""Jamming will block all communications, not just communications from contraband devices," wireless lobby group CTIA said in December 29 comments in response to Chairman Brendan Carr's proposal. The CTIA said that "jamming blocks all communications, including lawful communications such as 911 calling," and argued that the FCC "has no authority to allow jamming." CTIA members AT&T and Verizon expressed their displeasure in separate comments to the FCC."
"While the Communications Act prohibits interference with authorized radio communications, Carr's plan tries to sidestep this prohibition by proposing to de-authorize certain communications, AT&T wrote. "This legal framework, however, is premised on a fundamental factual error: the assumption that jammers will only block 'unauthorized' communications without impacting lawful uses.

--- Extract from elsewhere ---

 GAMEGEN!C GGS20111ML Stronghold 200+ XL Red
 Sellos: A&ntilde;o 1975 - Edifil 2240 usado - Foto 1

There is no way to jam some communications on a spectrum band but not others," AT&T wrote."
The Federal Communications Commission proposed allowing state and local prisons to jam contraband cell phones. Republican attorneys general and prison phone companies support allowing jamming, while wireless carriers and groups representing Wi‑Fi and GPS raise objections. Wireless lobby CTIA and carriers AT&T and Verizon warned that jamming blocks all communications, including emergency 911 calls, and that the Communications Act prohibits interference with authorized radio communications. The proposal would attempt to sidestep the prohibition by de‑authorizing certain communications, but carriers argue there is no technical way for jammers to block only unauthorized devices because jammers transmit on the same frequencies as targeted devices.